The device, called Snatcher, could help robots quickly retrieve objects without getting too close to them

2 min read
Robotic chameleon tongue retrieving an object
Researchers in South Korea have been working on a robotic arm that shoots out like a chameleon's tongue.
Photos: Dong-Jun Lee and Gwang-Pil Jung/SeoulTech

Chameleons may be slow-moving lizards, but their tongues can accelerate at astounding speeds, snatching insects before they have any chance of fleeing. Inspired by this remarkable skill, researchers in South Korea have developed a robotic tongue that springs forth quickly to snatch up nearby items.

They envision the tool, called Snatcher, being used by drones and robots that need to collect items without getting too close to them. “For example, a quadrotor with this manipulator will be able to snatch distant targets, instead of hovering and picking up,” explains Gwang-Pil Jung, a researcher at Seoul National University of Science and Technology (SeoulTech) who co-designed the new device.

There has been other research into robotic chameleon tongues, but what’s unique about Snatcher is that it packs chameleon-tongue fast snatching performance into a form factor that’s portable—the total size is 12 x 8.5 x 8.5 centimeters and it weighs under 120 grams. Still, it’s able to fast snatch up to 30 grams from 80 centimeters away in under 600 milliseconds. 

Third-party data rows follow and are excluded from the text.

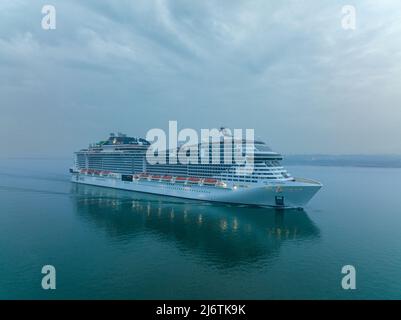 Luftbild von MSC Grandiosa ist ein Meraviglia Plus-Klasse-Kreuzschiff im Besitz und betrieben von MSC Cruises, Grandiosa Ankunft in Southampton Hafen. Stockfoto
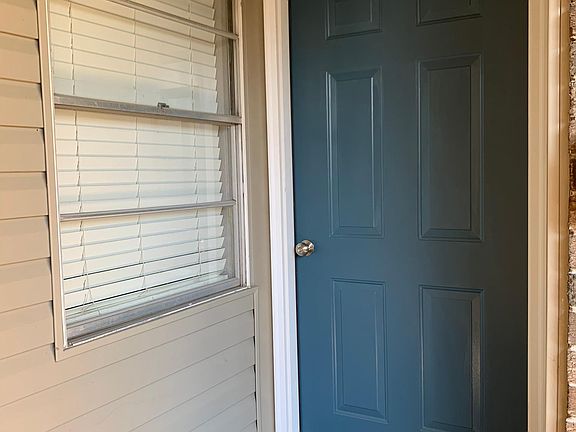 2nd image of 1403 Lakecrest Dr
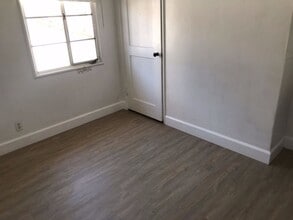 4544 El Cerrito Dr-Unit -Room 7 in San Diego, CA - Building Photo - Building Photo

The robotic chameleon tongue mechanismThe fast snatching deployable arm is powered by a wind-up spring attached to a motor (a series elastic actuator) combined with an active clutch. The clutch is what allows the single spring to drive both the shooting and the retracting.Image: SeoulTech

To create Snatcher, Jung and a colleague at SeoulTech, Dong-Jun Lee, set about developing a spring-like device that’s controlled by an active clutch combined with a single series elastic actuator. Powered by a wind-up spring, a steel tapeline—analogous to a chameleon’s tongue—passes through two geared feeders. The clutch is what allows the single spring unwinding in one direction to drive both the shooting and the retracting, by switching a geared wheel between driving the forward feeder or the backward feeder.

The end result is a lightweight snatching device that can retrieve an object 0.8 meters away within 600 milliseconds. Jung notes that some other, existing devices designed for retrieval are capable of accomplishing the task quicker, at about 300 milliseconds, but these designs tend to be bulky. A more detailed description of Snatcher was published July 21 in IEEE Robotics and Automation Letters.

DroneSnatcher’s relative small size means that it can be installed on a DJI Phantom drone. The researchers want to find out if their system can help make package delivery or retrieval faster and safer.Photo: Dong-Jun Lee and Gwang-Pil Jung/SeoulTech

“Our final goal is to install the Snatcher to a commercial drone and achieve meaningful work, such as grasping packages,” says Jung. One of the challenges they still need to address is how to power the actuation system more efficiently. “To solve this issue, we are finding materials having high energy density.” Another improvement is designing a chameleon tongue-like gripper, replacing the simple hook that’s currently used to pick up objects. “We are planning to make a bi-stable gripper to passively grasp a target object as soon as the gripper contacts the object,” says Jung.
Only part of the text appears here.